**Prompt**
Copy the lines exactly. Begin at the first line of the data and stop after the line with "INSUN恩裳夏季收腰轻薄通透衬衫连衣裙图片".

(Short text fragments from websites)

::::::::

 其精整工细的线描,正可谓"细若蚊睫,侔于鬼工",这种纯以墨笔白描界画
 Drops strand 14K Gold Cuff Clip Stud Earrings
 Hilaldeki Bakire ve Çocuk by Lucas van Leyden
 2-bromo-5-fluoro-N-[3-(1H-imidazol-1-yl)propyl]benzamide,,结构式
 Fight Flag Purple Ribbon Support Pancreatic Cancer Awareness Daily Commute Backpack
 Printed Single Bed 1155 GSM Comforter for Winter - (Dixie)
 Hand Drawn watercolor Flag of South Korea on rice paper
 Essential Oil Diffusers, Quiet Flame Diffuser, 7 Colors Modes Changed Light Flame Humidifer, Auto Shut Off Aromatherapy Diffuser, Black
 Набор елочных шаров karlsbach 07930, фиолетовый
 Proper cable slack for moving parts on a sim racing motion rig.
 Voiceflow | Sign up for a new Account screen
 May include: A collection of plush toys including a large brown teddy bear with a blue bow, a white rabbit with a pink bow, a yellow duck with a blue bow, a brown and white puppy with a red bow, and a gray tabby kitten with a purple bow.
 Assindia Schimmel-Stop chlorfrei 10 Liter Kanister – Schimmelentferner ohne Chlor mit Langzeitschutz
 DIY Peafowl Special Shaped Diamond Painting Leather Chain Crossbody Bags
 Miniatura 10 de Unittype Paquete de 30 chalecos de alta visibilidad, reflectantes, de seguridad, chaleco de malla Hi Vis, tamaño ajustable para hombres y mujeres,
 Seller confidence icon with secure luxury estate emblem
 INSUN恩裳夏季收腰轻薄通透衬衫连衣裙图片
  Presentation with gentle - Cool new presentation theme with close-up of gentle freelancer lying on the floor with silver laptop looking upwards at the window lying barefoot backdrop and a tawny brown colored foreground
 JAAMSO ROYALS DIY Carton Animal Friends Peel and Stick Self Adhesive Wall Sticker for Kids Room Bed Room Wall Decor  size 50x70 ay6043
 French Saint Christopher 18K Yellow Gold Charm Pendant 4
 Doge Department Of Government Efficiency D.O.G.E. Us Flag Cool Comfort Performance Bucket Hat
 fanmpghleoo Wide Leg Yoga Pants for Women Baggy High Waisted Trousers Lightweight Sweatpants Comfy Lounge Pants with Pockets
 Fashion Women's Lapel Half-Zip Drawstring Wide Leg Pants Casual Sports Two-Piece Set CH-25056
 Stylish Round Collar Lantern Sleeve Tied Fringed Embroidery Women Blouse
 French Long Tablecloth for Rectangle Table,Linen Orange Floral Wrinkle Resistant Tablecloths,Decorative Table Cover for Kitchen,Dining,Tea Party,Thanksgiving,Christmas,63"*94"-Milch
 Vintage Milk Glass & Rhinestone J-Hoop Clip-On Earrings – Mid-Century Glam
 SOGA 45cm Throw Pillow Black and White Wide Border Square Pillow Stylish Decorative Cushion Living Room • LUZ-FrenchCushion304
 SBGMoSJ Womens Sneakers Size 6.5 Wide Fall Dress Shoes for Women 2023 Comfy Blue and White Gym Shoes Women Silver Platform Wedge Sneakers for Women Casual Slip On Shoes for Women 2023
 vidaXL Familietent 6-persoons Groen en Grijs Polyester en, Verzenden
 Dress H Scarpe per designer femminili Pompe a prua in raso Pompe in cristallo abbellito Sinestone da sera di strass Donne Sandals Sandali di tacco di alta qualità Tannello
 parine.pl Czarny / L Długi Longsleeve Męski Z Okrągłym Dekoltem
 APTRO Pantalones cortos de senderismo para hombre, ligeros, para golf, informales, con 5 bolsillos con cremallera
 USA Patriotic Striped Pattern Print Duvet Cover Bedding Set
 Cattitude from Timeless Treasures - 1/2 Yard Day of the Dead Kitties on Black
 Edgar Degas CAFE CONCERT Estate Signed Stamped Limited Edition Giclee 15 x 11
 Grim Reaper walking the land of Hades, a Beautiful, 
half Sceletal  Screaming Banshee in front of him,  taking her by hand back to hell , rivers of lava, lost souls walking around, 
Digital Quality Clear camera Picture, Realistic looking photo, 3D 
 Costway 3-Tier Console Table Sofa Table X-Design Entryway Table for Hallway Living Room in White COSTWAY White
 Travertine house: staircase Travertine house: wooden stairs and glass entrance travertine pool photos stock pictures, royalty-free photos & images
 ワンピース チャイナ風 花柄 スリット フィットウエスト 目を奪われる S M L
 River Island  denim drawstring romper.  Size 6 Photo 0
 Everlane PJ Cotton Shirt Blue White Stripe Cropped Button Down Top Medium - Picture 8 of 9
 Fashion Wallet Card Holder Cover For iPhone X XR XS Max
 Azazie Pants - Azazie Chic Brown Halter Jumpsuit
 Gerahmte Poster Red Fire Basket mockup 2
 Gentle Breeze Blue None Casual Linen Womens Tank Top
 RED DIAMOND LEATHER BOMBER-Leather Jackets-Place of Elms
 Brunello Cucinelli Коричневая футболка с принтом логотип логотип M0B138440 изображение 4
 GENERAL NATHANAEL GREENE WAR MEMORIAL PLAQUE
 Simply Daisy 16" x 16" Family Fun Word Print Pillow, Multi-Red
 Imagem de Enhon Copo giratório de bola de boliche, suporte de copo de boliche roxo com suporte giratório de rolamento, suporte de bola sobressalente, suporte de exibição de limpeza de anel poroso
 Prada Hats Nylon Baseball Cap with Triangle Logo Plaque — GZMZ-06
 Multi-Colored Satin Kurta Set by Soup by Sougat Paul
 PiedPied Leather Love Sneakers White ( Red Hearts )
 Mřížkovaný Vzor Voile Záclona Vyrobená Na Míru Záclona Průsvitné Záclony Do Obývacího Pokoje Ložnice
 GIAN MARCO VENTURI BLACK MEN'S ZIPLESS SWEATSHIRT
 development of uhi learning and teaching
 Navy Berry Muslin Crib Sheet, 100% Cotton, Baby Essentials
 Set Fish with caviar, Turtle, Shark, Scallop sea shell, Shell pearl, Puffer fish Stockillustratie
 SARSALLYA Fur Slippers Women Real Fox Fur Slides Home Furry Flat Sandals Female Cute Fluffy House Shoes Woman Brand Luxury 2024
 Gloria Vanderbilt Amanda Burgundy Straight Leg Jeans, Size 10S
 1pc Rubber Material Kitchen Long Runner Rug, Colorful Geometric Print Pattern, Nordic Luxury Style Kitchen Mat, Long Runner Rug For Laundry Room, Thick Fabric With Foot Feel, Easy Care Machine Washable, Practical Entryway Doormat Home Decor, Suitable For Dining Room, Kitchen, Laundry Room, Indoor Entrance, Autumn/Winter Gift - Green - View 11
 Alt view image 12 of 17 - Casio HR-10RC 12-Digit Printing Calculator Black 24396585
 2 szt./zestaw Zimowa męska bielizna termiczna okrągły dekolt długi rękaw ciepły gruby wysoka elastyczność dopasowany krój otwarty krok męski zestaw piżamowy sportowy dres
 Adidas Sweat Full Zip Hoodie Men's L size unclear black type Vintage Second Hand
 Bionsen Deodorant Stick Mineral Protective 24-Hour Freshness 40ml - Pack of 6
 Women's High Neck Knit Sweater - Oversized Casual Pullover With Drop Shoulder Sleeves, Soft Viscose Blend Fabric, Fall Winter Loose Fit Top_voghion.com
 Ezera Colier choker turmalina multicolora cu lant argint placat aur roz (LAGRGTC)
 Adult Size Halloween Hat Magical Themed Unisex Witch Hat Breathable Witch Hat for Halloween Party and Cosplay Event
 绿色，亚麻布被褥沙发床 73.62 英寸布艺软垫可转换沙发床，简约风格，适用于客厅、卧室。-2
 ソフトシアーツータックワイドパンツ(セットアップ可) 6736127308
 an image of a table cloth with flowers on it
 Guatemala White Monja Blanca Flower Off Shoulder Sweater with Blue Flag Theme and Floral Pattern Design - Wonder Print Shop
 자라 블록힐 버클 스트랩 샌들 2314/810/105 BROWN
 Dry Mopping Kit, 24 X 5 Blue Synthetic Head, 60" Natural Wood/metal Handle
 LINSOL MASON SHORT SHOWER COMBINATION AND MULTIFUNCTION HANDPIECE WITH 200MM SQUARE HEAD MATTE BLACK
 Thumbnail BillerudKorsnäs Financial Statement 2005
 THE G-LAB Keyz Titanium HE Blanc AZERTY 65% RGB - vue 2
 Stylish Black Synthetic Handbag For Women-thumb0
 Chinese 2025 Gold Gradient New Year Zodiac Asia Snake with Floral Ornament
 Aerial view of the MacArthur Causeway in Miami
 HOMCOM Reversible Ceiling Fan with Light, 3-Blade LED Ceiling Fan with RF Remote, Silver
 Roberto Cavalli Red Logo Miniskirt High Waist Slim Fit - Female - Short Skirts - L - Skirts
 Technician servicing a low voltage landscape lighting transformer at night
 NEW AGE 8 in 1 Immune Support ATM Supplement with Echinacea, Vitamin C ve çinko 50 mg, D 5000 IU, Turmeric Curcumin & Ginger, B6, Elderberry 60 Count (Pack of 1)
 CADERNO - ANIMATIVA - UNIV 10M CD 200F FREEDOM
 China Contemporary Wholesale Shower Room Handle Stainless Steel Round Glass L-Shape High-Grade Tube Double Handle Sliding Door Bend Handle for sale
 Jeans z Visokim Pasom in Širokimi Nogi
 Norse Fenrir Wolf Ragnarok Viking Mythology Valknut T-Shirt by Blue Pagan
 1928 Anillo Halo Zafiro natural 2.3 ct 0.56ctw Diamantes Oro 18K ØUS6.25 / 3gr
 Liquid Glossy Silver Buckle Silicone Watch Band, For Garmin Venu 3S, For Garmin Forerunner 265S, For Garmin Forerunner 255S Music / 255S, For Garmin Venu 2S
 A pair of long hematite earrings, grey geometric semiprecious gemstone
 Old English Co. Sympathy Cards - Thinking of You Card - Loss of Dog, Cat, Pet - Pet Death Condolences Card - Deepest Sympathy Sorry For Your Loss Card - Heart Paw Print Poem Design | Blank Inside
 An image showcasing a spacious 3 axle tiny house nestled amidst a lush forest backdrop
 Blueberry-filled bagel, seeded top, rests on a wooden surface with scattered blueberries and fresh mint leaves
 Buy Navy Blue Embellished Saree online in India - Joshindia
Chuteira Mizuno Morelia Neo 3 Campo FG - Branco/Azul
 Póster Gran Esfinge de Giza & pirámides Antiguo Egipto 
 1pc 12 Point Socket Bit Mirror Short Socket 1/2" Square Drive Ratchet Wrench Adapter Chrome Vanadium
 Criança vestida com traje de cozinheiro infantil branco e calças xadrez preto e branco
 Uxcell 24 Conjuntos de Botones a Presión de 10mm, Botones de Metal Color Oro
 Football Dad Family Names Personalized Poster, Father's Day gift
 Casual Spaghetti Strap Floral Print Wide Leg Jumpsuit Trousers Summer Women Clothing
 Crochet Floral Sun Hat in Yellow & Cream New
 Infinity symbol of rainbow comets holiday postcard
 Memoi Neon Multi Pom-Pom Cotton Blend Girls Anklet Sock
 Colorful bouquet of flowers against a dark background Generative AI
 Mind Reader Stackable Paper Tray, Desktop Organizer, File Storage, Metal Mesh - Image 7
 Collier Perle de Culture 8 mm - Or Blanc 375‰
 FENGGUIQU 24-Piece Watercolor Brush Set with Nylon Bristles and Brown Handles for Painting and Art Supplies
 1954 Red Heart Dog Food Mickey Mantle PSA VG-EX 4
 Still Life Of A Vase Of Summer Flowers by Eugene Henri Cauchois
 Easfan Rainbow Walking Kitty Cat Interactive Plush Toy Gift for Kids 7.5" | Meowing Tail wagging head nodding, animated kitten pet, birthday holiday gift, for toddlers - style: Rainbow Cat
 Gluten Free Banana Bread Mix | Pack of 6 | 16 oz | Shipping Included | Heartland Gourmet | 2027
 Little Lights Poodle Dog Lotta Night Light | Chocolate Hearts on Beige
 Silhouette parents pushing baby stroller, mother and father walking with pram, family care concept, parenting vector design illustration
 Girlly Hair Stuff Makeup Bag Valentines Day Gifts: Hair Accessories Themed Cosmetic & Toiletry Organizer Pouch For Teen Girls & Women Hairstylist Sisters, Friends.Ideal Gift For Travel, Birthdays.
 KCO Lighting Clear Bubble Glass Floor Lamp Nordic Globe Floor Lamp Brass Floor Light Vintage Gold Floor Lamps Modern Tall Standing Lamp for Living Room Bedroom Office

::::::::

**Expected answer**
 其精整工细的线描,正可谓"细若蚊睫,侔于鬼工",这种纯以墨笔白描界画
 Drops strand 14K Gold Cuff Clip Stud Earrings
 Hilaldeki Bakire ve Çocuk by Lucas van Leyden
 2-bromo-5-fluoro-N-[3-(1H-imidazol-1-yl)propyl]benzamide,,结构式
 Fight Flag Purple Ribbon Support Pancreatic Cancer Awareness Daily Commute Backpack
 Printed Single Bed 1155 GSM Comforter for Winter - (Dixie)
 Hand Drawn watercolor Flag of South Korea on rice paper
 Essential Oil Diffusers, Quiet Flame Diffuser, 7 Colors Modes Changed Light Flame Humidifer, Auto Shut Off Aromatherapy Diffuser, Black
 Набор елочных шаров karlsbach 07930, фиолетовый
 Proper cable slack for moving parts on a sim racing motion rig.
 Voiceflow | Sign up for a new Account screen
 May include: A collection of plush toys including a large brown teddy bear with a blue bow, a white rabbit with a pink bow, a yellow duck with a blue bow, a brown and white puppy with a red bow, and a gray tabby kitten with a purple bow.
 Assindia Schimmel-Stop chlorfrei 10 Liter Kanister – Schimmelentferner ohne Chlor mit Langzeitschutz
 DIY Peafowl Special Shaped Diamond Painting Leather Chain Crossbody Bags
 Miniatura 10 de Unittype Paquete de 30 chalecos de alta visibilidad, reflectantes, de seguridad, chaleco de malla Hi Vis, tamaño ajustable para hombres y mujeres,
 Seller confidence icon with secure luxury estate emblem
 INSUN恩裳夏季收腰轻薄通透衬衫连衣裙图片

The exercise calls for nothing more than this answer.